Riftbound, on the other hand, uses the one-deck format for its entire current ruleset, which is designed from the ground up to work in two-player duels, two-on-two team games, and four-player free for alls. It’s designed so that the same decks you use for your social multiplayer format are also suited—or at least compatible with—more competitive play. It’s also designed such that I think you could even play draft or sealed formats with that same flexibility. (Clutch for retaining players like me, who enjoy plopping down money on the exciting uncertainty of a sealed event but don’t really want to collect.)

A magic cowboy shuffles cards with magic

(Image credit: Riot)

I might add, after playing a dozen matches of Riftbound, it actually does seem to work well that way. It’s naturally scaling, with players fighting for control of battlefields that their own deck brings to the table each match.
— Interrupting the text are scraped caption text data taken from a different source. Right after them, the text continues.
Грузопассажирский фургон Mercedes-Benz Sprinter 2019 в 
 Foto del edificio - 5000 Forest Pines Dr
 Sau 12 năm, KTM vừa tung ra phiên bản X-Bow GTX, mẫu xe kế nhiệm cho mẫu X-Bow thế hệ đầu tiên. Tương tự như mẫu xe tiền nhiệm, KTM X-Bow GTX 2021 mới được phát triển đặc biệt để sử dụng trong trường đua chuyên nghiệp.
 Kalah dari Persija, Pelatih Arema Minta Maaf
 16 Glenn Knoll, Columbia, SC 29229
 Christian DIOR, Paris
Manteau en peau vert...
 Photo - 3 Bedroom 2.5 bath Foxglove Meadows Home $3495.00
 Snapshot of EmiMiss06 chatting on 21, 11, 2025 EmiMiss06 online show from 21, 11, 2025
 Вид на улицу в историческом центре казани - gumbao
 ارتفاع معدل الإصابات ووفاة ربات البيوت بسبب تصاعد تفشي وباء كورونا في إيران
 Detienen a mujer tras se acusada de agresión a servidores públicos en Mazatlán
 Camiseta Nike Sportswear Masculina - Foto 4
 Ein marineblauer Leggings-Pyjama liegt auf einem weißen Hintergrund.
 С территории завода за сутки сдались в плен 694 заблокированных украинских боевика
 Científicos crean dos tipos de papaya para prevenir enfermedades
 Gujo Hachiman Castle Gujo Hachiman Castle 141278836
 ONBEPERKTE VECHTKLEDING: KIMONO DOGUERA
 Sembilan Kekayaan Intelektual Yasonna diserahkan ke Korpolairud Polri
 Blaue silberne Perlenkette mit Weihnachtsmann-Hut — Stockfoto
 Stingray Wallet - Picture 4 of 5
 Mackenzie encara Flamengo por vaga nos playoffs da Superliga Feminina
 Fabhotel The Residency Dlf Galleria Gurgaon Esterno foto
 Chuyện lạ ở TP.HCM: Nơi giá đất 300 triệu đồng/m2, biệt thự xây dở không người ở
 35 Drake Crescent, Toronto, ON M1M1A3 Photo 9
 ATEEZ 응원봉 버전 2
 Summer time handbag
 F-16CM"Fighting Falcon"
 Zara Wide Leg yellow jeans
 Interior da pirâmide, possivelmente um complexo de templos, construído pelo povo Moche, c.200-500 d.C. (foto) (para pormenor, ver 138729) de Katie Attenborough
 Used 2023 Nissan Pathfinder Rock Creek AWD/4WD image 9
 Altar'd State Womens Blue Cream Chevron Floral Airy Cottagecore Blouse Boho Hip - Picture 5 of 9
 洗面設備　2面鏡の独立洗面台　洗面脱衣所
Controlling a battlefield brings points, and points bring victory, but the basic mechanics of Riftbound mean that only two players at a time can contest a battlefield, with an attacker either taking it over or retreating by the end of their turn. There are also relatively limited windows when you can play cards that react to or alter combats between units, but you can still invite chaos by bringing outside players into any given two-person conflict. In short, the madcap complexity of Magic-style priority rules and turns and phases don’t come up nearly as often.

Riftbound card

(Image credit: Riot Games)

I never felt like I needed a judge at my own home game table, but I did come across plenty of interesting corner cases that required a look at the rules. In short, even when it’s complicated and the choices are interesting, the overall format is fairly simple. It’s a clear sign that Riftbound’s core rules and initial sets were designed for both casual and competitive play.

What also makes me think that Riftbound could pull it off is that I don’t question Riot’s ability to push a good tabletop game. Their 2016 board game release Mechs vs. Minions was a damn good game. It hasn’t been reprinted recently, and sells for several times its original price on the secondary market. Similarly, Riftbound primary publisher UVS has managed to keep their other card games alive in the crowded, cutthroat market.

But it’s good enough that even if Riftbound doesn’t take off it may well develop a cult community that keeps playing it—like the much-bereaved Android: Netrunner or killed-then-revived miniatures game Heroscape. For my part, I’ll be watching Riftbound progress with interest. If they can keep up the pace of interesting game design, good releases, and meet demand they’ll have a strong start. If they can draw interested players from other card games, especially ones who don’t know jack about League of Legends’ many characters, then I think they might be onto something.